Right now for instance, on all the channels, there's an ad for a brand of "scientifically designed" bed whose merits are extolled by Lee Sun Gyeon, followed up by all nine SNSD members in pink nighties sitting on one of the said beds and intoning "침대는 가구가 아니야"  Now, the meaning isn't a problem: "A bed's not (just) a piece of furniture"  But I get the impression that this phrase may be some sort of allusion to a well known saying or catchphrase (though not one well known to me...) rather than a slogan invented by this ad agency for this campaign. Is that so?  

Whatever the case with that phrase, I suspect the closing injunction from three of the young ladies to "Hebbae.. [inappropriate pause] .. koot 잠" - helpfully subtitled as "Have a good..." for those of us puzzled by Konglish sounds, is indeed a one-off example destined for early oblivion before yet more media-inflicted damage on standards of English pronunciation is visited on the Korean viewing public.


----------



## 경상남도로 오이소

The phrase is a well-known catchphrase which traces back to the early 90's, when that very same company launched an advertisement where an actor 박상원 proclaimed "침대는 가구가 아닙니다. 과학입니다". I remember that the whole campaign was praised by TV critics as one of the most well-made catchphrases in Korean TV advertisement history, as such. 

Most people, to this day, would remember the phrase.

I found a link to one of the early commercials here (presumably early 90's): http://www.youtube.com/watch?v=Aa0prZazklM


----------



## 경상남도로 오이소

20대 중후반 이상, 그러니까 90년대에 tv를 보신 분들이라면 에이스침대의 광고를 다들 기억하실겁니다. (아마 소녀시대 나이또래도 기억날듯...) "침대는 가구가 아닙니다, 과학입니다."라는 문구는 당시 큰 반향을 불러일으켰죠.

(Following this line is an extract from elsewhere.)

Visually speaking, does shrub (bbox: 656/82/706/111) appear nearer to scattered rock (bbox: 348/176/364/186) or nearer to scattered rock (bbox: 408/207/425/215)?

저는 아직도 생각나는게, 몇몇 분들이 과하게 걱정을 하신게 있는데, 초등학생 (당시는 "국민학생"이라고 칭했지요) 저학년 학생들에게 "침대는 가구입니까, 아닙니까"라고 문제를 냈더니, 정확하게 몇 %인지는 기억이 나지 않지만, 좀 많은 어린이들이 "가구가 아니다"라고 답했다고 해요. 그러니까, 당시에는 광고의 해악, tv의 해악 등의 토론이 활발하던 시기였는데, 이 사례를 들어서 봐라, 광고가 아이들을 삐뚫게 교육시킨다, 이런 식으로 주장하는 사람들이 꽤 있었습니다. 요즘에는 당시보다 초등학생들이 영악해져가지고 알건 다 알고, 오히려 tv보다는 컴퓨터게임, 스마트폰 등의 해악에 대해서 얘기하니, 격세지감을 느낍니다. (좀 뜬금없지만..하하)


----------



## 조금만

Thank you so much, for the link as well as for the information, so speedily supplied.

  Getting information and pointers like this is what makes this forum indispensible


----------